Co-operation started with food, when the Rochdale Pioneers set up shop. If we thought of growing the co-operative sector like preparing a meal, what would be our cookbook?
First the ingredients. Co-ops are people centred businesses, and so they start with people’s needs and stand or fall by the extent that people work together and take responsibility. But they can’t be just any people. They have to be a little bit organic – willing to put their ego aside and to work with others. There are many entrepreneurs in the co-operative sector, but theirs is the entrepreneurialism of the team. It is not for everyone even if most people have skills of co-operation and can learn more; what we have always called ‘co-operative education’.
Second the timing. Some co-ops are rapid, pop-up businesses that emerge in response to crisis. When the Star Inn in Salford was put up for auction, it was the only pub left within a twenty minute walk. Local people rallied together to raise the money to save the pub. When foot and mouth disease struck farmers in Lincolnshire, the local independent co-operative helped to organise them into a co-op, so that they could keep more of the money from the livestock in future. Other businesses take time, because they rely on relationships. Sometimes co-ops can be slower to start as a result. But they can also be slower to fail, as well, because having people onside is key to survival when things get tough.
Third, the preparation. There is no one chef for the co-operative sector. It is a plastic model that is constantly being renewed and reinvented. One of the fastest growing areas is co-operatives with multiple constituencies of members (sometimes called ‘multi-stakeholder’) – with new approaches developed for their design and governance. But it can help to have recipes and for many initiatives, there will be a template or set of examples that can be drawn upon and adapted. Co-operatives UK runs a programme called The Hive, with support from the Co-operative Bank, as part of its continuing commitment to an Ethical Policy. One way or another, there is advice out there for would-be co-operatives.

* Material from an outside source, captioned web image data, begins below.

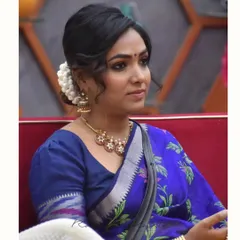 A close-up of Anupama Gowda, showcasing the elegant puff-sleeve blouse and traditional jewelry that complete her look.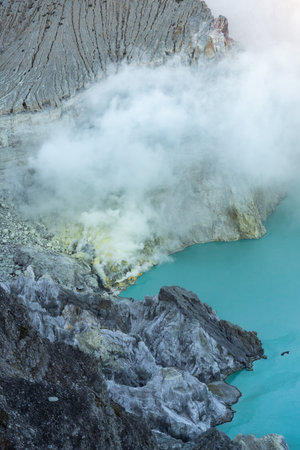 Kawah ijen volcano crater emitting sulfurous smoke and turquoise lakeの写真素材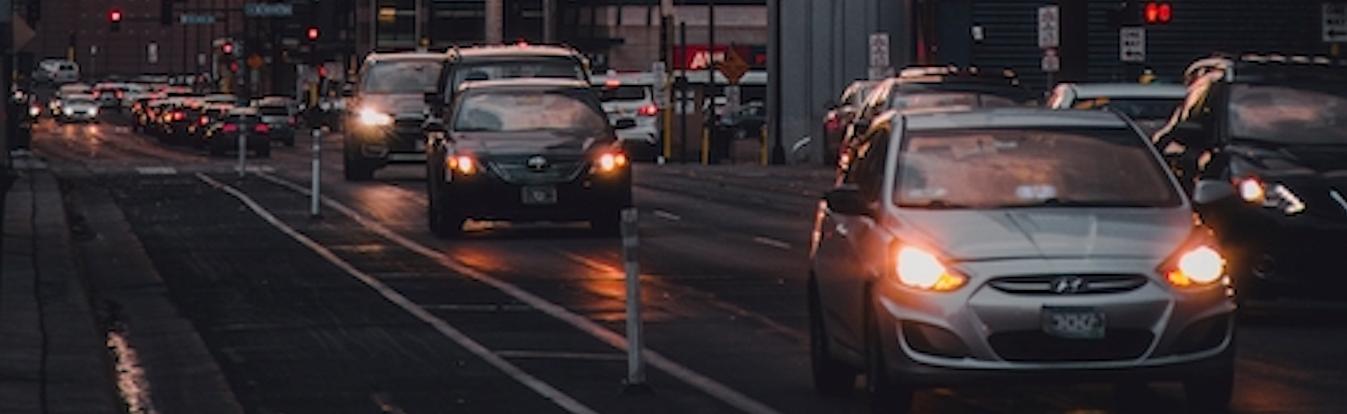 cars driving in the city streets at sunset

It is an exciting time to be in the co-operative sector, with a strong commitment to its growth from leading politicians, reflected in this week’s Ways Forward conference in Manchester. We are a bottom up movement, so the state can’t create co-operatives directly but it can challenge a business environment which privileges investor ownership, to create a more sustainable balance with which co-operatives can thrive. Co-operatives UK is working with our members and partners of the sector to feed ideas into this process.
And like the best food, after all the work, with co-operative success comes the sharing.